A review by eshalliday
The Tangleroot Palace by Marjorie Liu

5.0

Marjorie Liu has collected together 8 years’ worth of shorter works that have peppered her writing career whilst she was publishing longer novels, and her award-winning work for Marvel comics.

Liu’s authorial comments that bookend each short work are illuminating – she expounds either her methodology or the spark that set the particular story alight.

Her feminist and pro-LGBT themes are what attracted me to the collection to begin with, but what I wasn’t expecting was for her messages of empowerment and visibility to be so elegantly and compellingly drawn.
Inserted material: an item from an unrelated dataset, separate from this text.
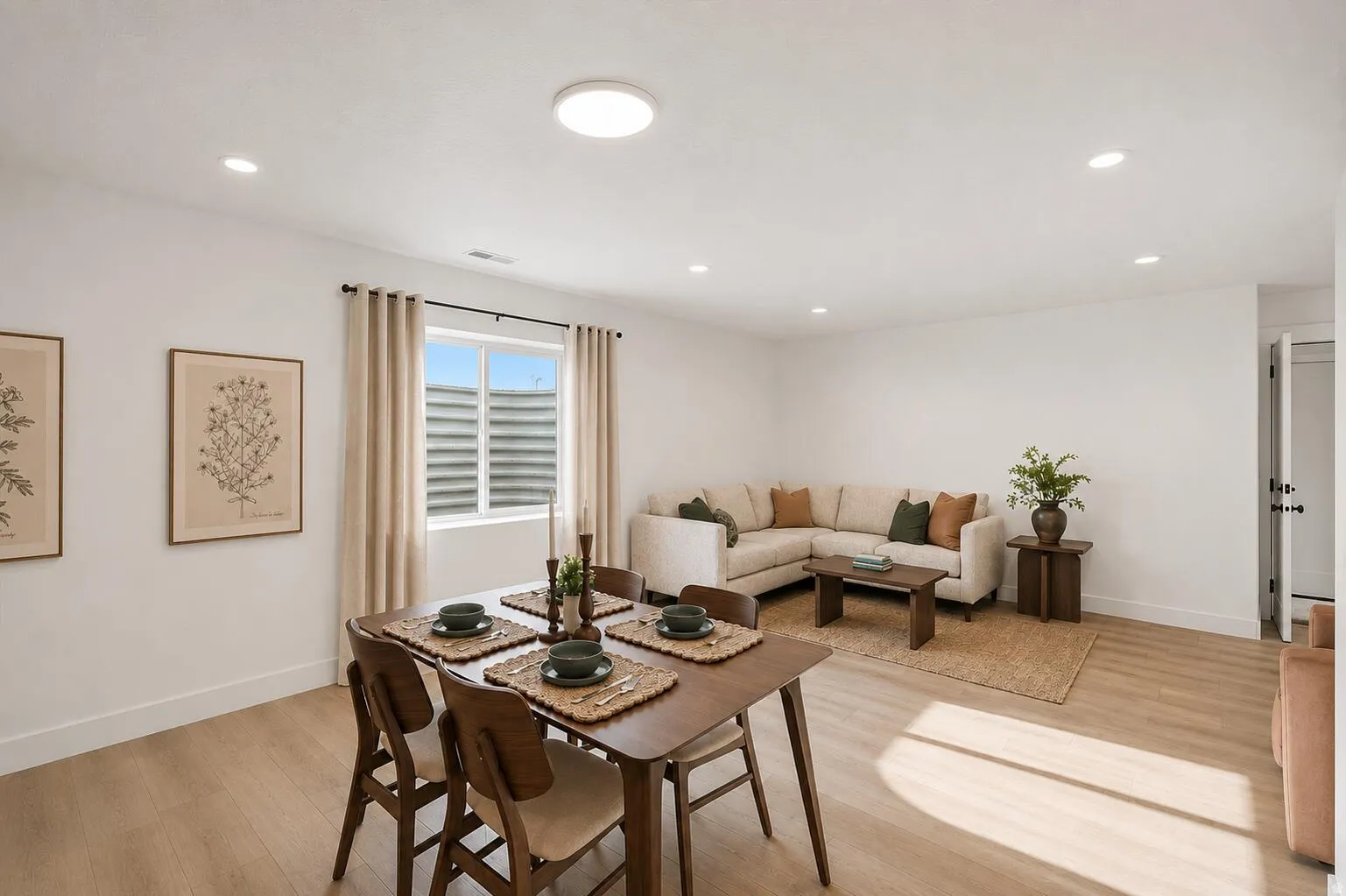 Open-concept living area featuring light wood-finish flooring throughout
Frankly, these stories moved me.

The importance of the book industry publishing texts that centre on the spectrum of relationships between women, cannot be overstated. What Marjorie Liu has crafted here are stories that somehow manage to normalise women’s experiences by situating that gynocentrism in a dynamic range of high fantasy, hard sci-fi, paranormal, and post-modern fairytale reinventions.

I particularly loved ‘Sympathy for the Bones’ and ‘The Light and the Fury’. The standout piece for me here is ‘The Briar and the Rose’. As Liu comments of its bleak Sleeping Beauty source material:
‘I wanted to reinvent it as a tale about women, and the power of women, and how woman save each other and themselves through sisterhood and love. As most women I know will tell you, they don’t always sleep a lot – but they fight plenty.’
My thanks to Titan books for an advanced copy through Netgalley.